Captioned web image data:
* * * * * * *

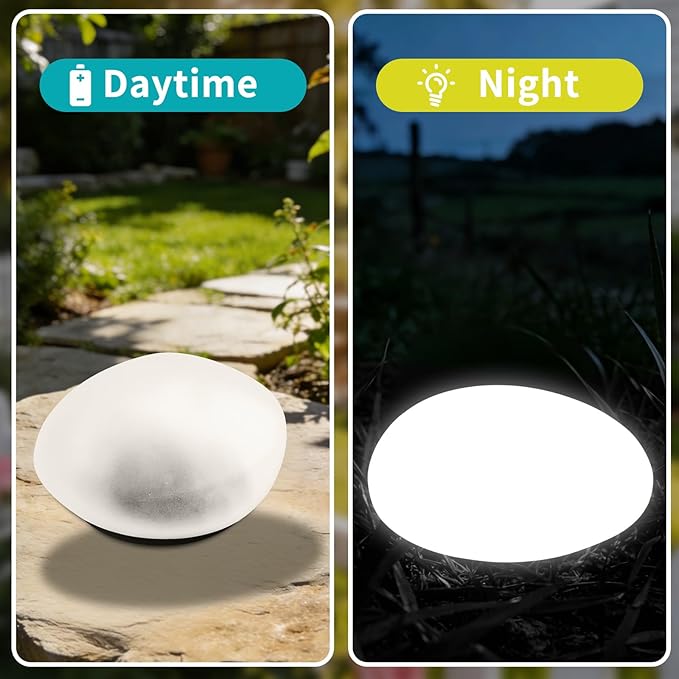 Solar Powered Outdoor Lights - Waterproof Garden Path Lighting, Pebble Shape Landscape Lights for Yard, Lawn | Lumora
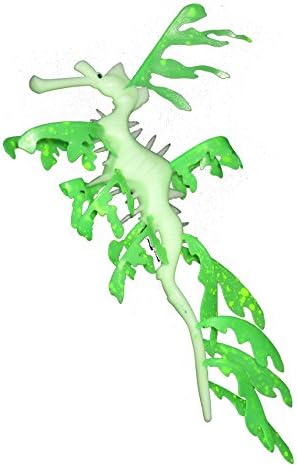 Aquaficial leafy seadragon sea dragon Artificial Silicone plastic Floating Glow effect glowing Vivid colors Ornament decoration Fish Tank Aquarium pesera eco friendly salt fresh water (5.5", Green)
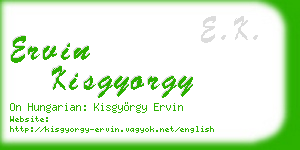 ervin kisgyorgy business card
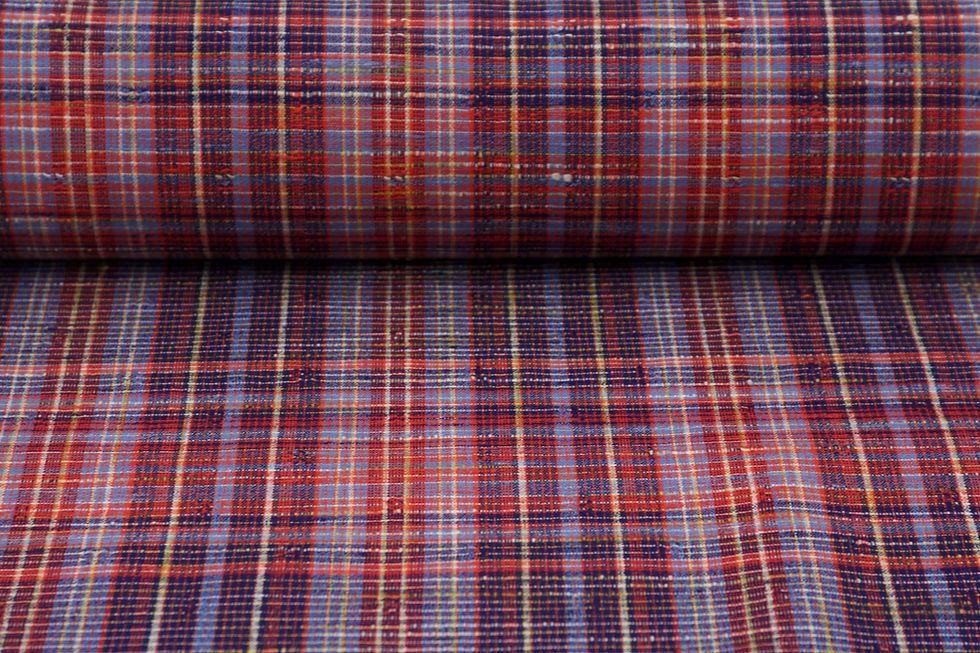 Thumbnail: vintage japanese handwoven blue red high grade kimono fabric wool tsumugi koushi checkered lattice mingei ikat by the yard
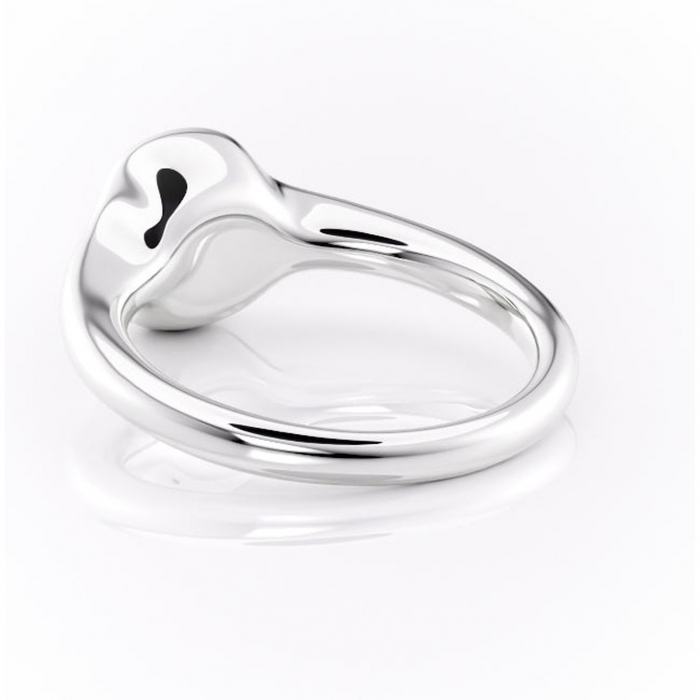 Inel de logodnă Avenelle din aur Alb 14kt cu moissanite tăietură asscher – Montură închisă rafinată pentru solitar | Personalizează și configurează gratuit online [4]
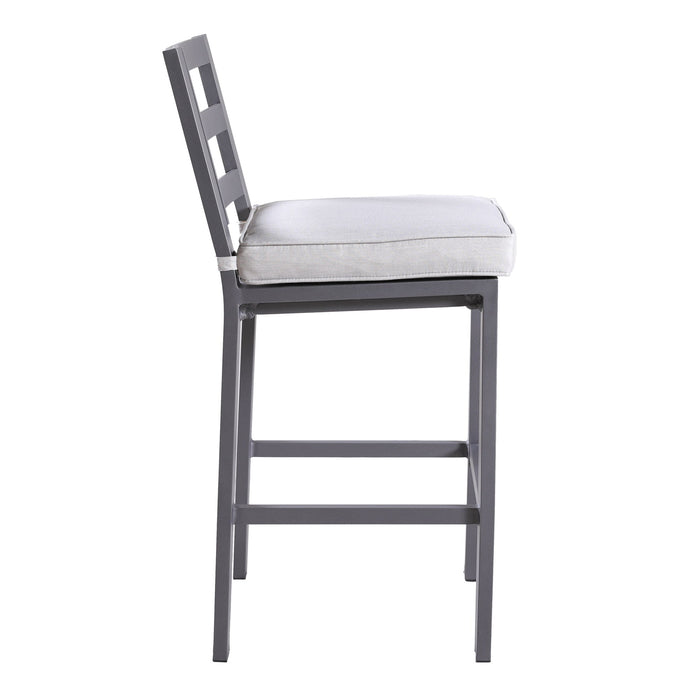 Outdoor Armless Aluminum Barstools With Cushion (Set of 2) - Pewter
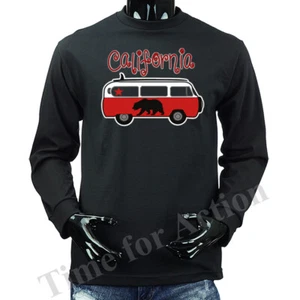 Golden State California Republic Cali Bear Cali Life Red Van Bus Long Sleeve - Picture 1 of 17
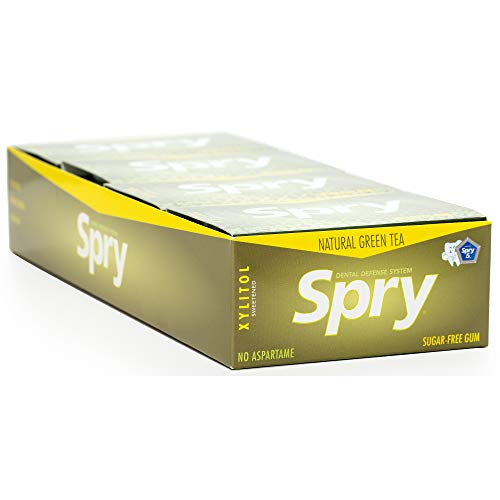 Spry Fresh Natural Xylitol Gum - Freshens Breath, Non-GMO & Gluten-Free - Green Tea, 10 Count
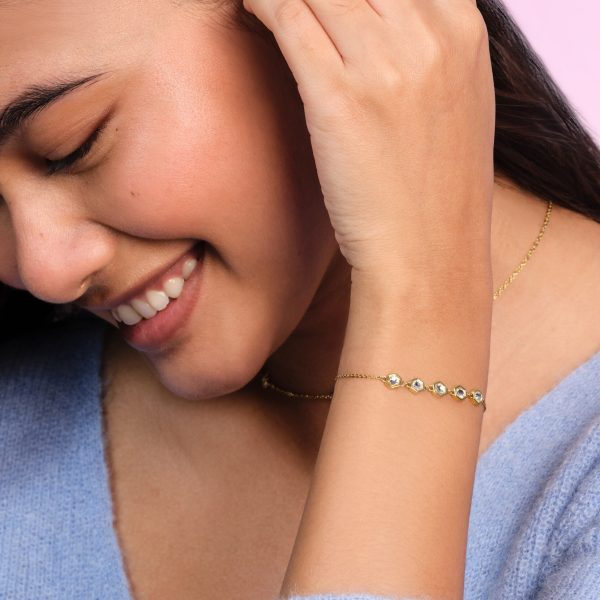 Ever Stacked Crystal Honeycomb Gold Plated Stacking Bracelet - Image 3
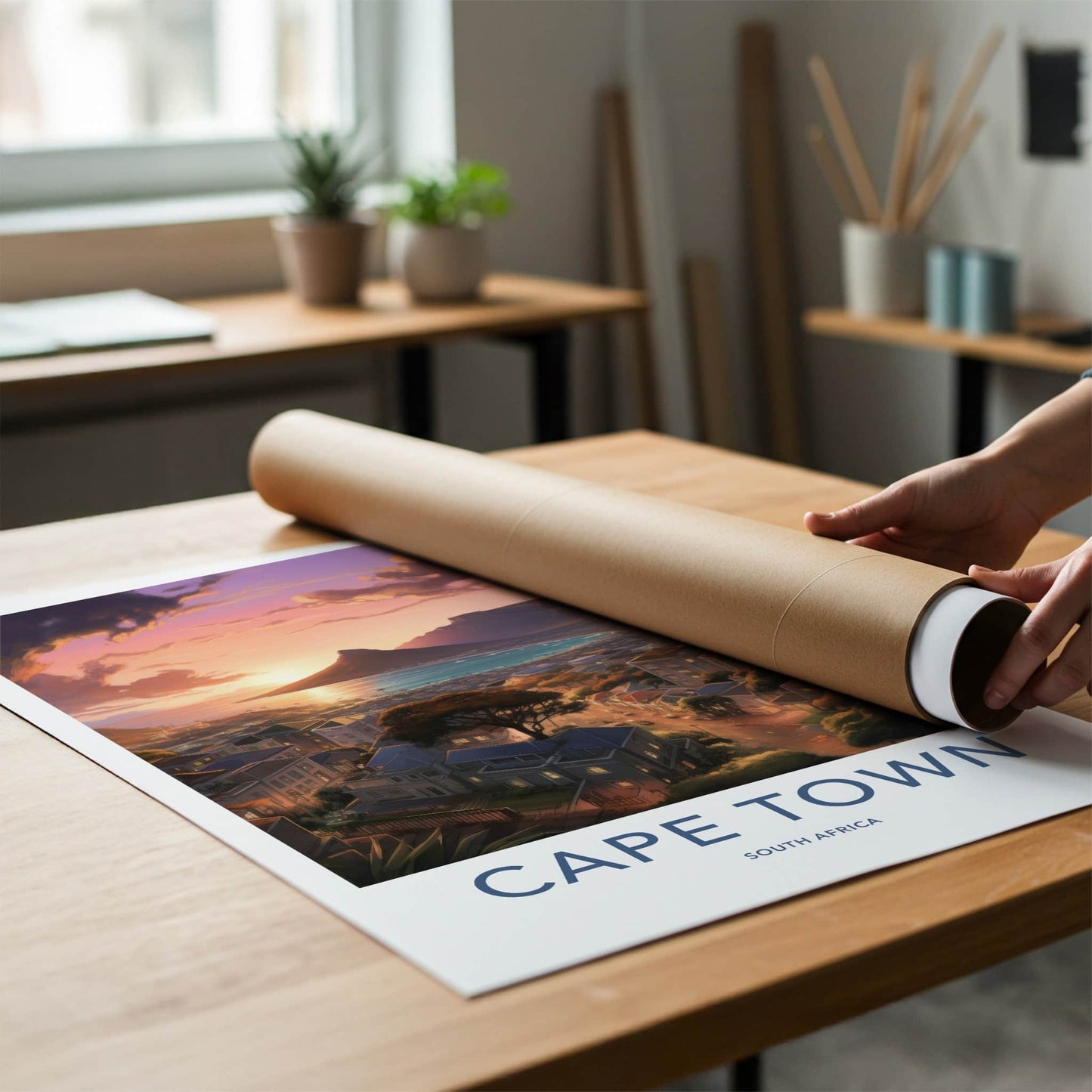 Cape Town Poster - South Africa Travel Art - Vibrant City Sunset Home Decor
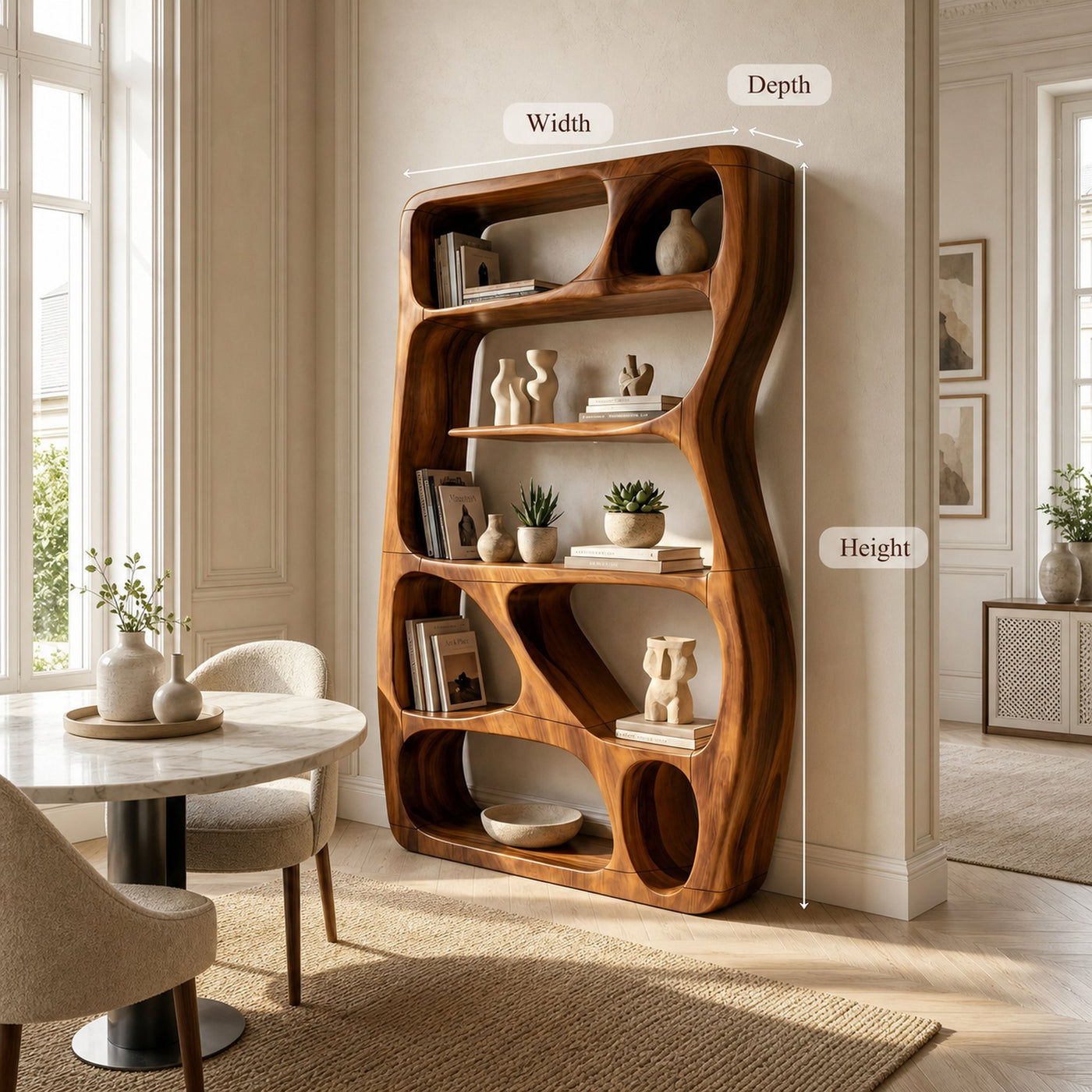 Scandinavian Sculptural Bookshelf Storage Organizer For Living Room - product view 8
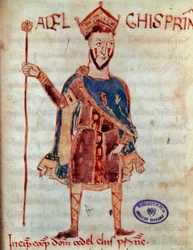Lombardprinssi Adalgis (kuoli 788) Miniatyyri "" Codex Legum Longobardorumista"" (tai Langobardorum), joka kuvaa kuningas Rotharin perustaman Lombard-valtakunnan lakeja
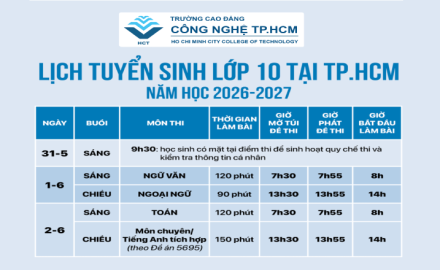 HCT CHI TIẾT LỊCH THI LỚP 10 TP.HCM 2026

* * * * * * *

* EXERCISE BRIEF: Transcribe all of the records above character for character. Exclude the pictures.

* RESPONSE BOX:
 Solar Powered Outdoor Lights - Waterproof Garden Path Lighting, Pebble Shape Landscape Lights for Yard, Lawn | Lumora
 Aquaficial leafy seadragon sea dragon Artificial Silicone plastic Floating Glow effect glowing Vivid colors Ornament decoration Fish Tank Aquarium pesera eco friendly salt fresh water (5.5", Green)
 ervin kisgyorgy business card
 Thumbnail: vintage japanese handwoven blue red high grade kimono fabric wool tsumugi koushi checkered lattice mingei ikat by the yard
 Inel de logodnă Avenelle din aur Alb 14kt cu moissanite tăietură asscher – Montură închisă rafinată pentru solitar | Personalizează și configurează gratuit online [4]
 Outdoor Armless Aluminum Barstools With Cushion (Set of 2) - Pewter
 Golden State California Republic Cali Bear Cali Life Red Van Bus Long Sleeve - Picture 1 of 17
 Spry Fresh Natural Xylitol Gum - Freshens Breath, Non-GMO & Gluten-Free - Green Tea, 10 Count
 Ever Stacked Crystal Honeycomb Gold Plated Stacking Bracelet - Image 3
 Cape Town Poster - South Africa Travel Art - Vibrant City Sunset Home Decor
 Scandinavian Sculptural Bookshelf Storage Organizer For Living Room - product view 8
Lombardprinssi Adalgis (kuoli 788) Miniatyyri "" Codex Legum Longobardorumista"" (tai Langobardorum), joka kuvaa kuningas Rotharin perustaman Lombard-valtakunnan lakeja
 HCT CHI TIẾT LỊCH THI LỚP 10 TP.HCM 2026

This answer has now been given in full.